→ Data for processing:
------------------------------

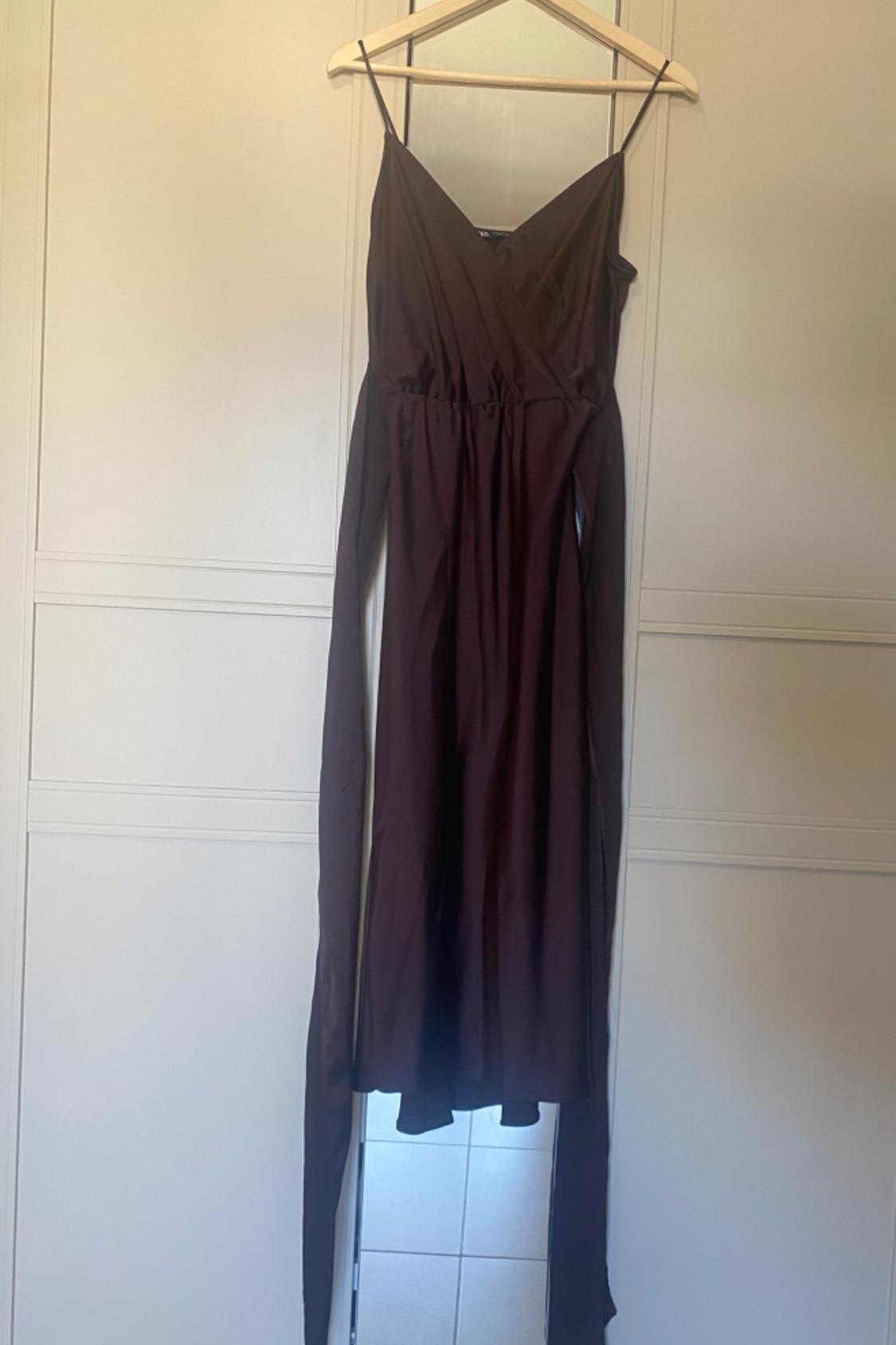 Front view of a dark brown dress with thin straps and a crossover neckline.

------------------------------

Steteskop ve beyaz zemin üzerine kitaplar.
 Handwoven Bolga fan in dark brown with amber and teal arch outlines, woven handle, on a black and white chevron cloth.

------------------------------

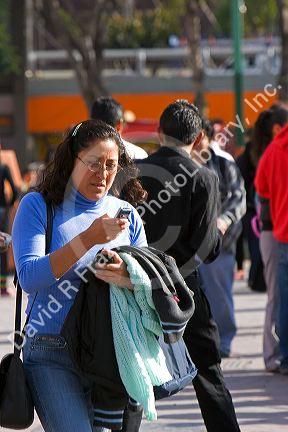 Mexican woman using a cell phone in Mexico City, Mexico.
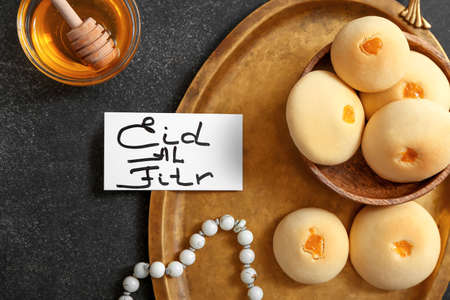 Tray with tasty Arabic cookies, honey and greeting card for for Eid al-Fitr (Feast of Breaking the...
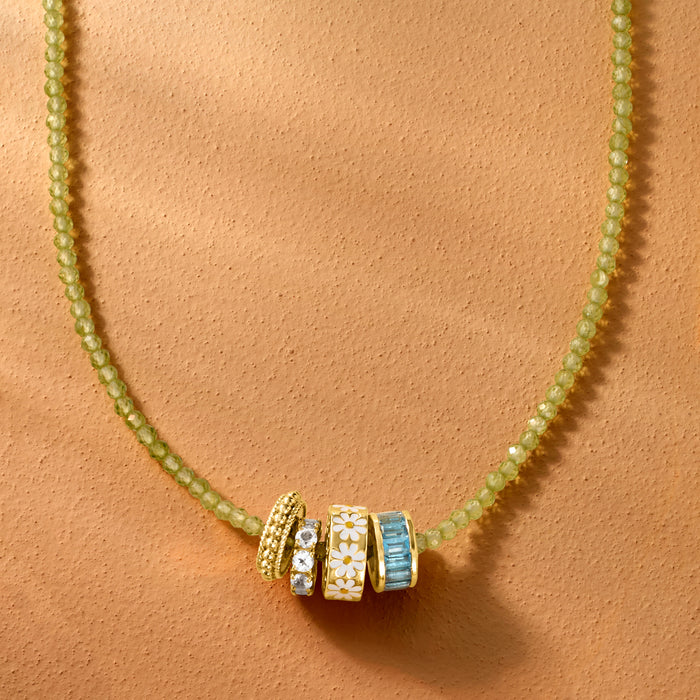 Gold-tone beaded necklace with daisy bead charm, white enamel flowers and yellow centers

------------------------------

→ Problem:
Retype word for word everything in the listing above from the line that holds "Steteskop ve beyaz zemin üzerine kitaplar." down to the line that holds "Handwoven Bolga fan". Keep both end lines and leave out the rest.

→ Response to this exercise:
Steteskop ve beyaz zemin üzerine kitaplar.
 Handwoven Bolga fan in dark brown with amber and teal arch outlines, woven handle, on a black and white chevron cloth.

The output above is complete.